Exactly as written, set down each line of the data below except its pictures.

** RAW DATA follows **

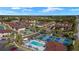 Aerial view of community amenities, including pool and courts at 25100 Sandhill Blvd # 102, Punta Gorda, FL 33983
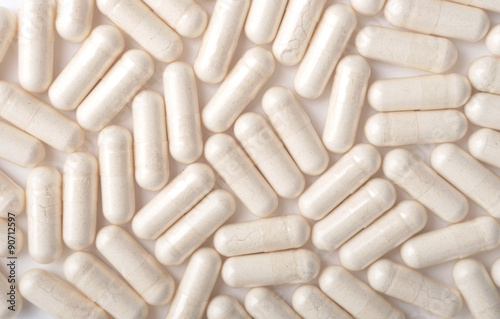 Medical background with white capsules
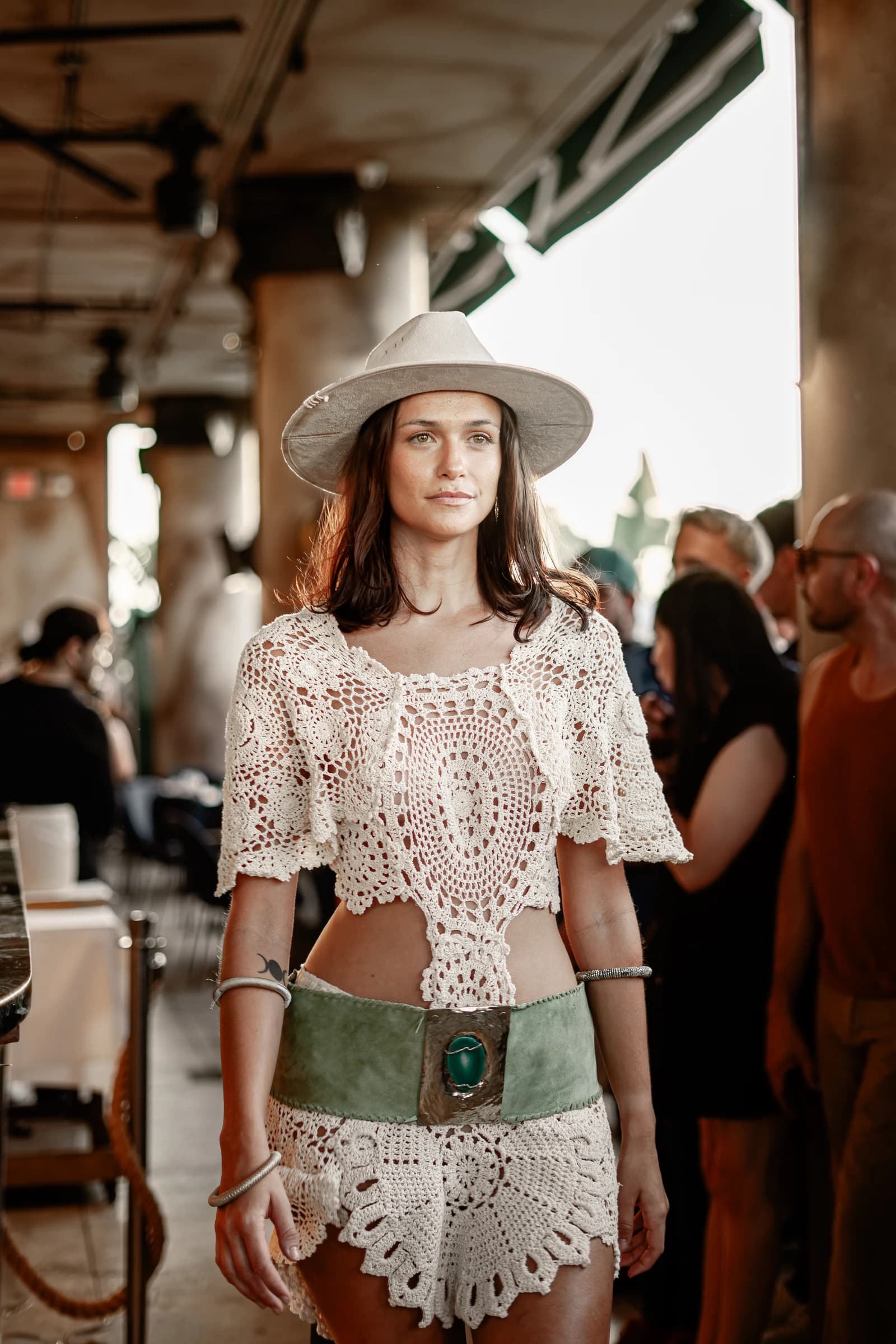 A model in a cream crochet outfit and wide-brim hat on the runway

** End of RAW DATA **

• [RESPONSE TO THIS TASK]:
 Aerial view of community amenities, including pool and courts at 25100 Sandhill Blvd # 102, Punta Gorda, FL 33983
 Medical background with white capsules
 A model in a cream crochet outfit and wide-brim hat on the runway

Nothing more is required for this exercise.